Aim of the exercise: Please repeat only these lines, exactly: the one containing "Pusula Sarkacı - Asi Kitap Kitap" and all that come after it in the material.

_ _ _ _ _

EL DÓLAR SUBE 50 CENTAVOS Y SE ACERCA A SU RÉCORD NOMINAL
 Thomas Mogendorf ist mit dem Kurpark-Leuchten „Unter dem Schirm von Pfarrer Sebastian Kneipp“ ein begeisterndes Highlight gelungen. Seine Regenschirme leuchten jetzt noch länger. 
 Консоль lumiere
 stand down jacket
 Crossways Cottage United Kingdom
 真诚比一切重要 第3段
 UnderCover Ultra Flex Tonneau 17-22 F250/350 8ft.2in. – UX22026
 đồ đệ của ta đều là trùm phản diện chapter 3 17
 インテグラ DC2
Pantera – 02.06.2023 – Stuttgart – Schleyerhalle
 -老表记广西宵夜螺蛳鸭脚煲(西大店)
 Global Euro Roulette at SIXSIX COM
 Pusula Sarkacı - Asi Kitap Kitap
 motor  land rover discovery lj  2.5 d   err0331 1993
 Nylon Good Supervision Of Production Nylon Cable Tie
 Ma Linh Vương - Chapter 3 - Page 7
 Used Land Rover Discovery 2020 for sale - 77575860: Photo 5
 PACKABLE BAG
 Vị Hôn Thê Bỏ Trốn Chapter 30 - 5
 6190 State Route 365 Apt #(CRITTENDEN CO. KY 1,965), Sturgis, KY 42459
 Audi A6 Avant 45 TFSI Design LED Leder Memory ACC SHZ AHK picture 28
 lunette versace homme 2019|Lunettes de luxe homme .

_ _ _ _ _

Written answer:
 Pusula Sarkacı - Asi Kitap Kitap
 motor  land rover discovery lj  2.5 d   err0331 1993
 Nylon Good Supervision Of Production Nylon Cable Tie
 Ma Linh Vương - Chapter 3 - Page 7
 Used Land Rover Discovery 2020 for sale - 77575860: Photo 5
 PACKABLE BAG
 Vị Hôn Thê Bỏ Trốn Chapter 30 - 5
 6190 State Route 365 Apt #(CRITTENDEN CO. KY 1,965), Sturgis, KY 42459
 Audi A6 Avant 45 TFSI Design LED Leder Memory ACC SHZ AHK picture 28
 lunette versace homme 2019|Lunettes de luxe homme .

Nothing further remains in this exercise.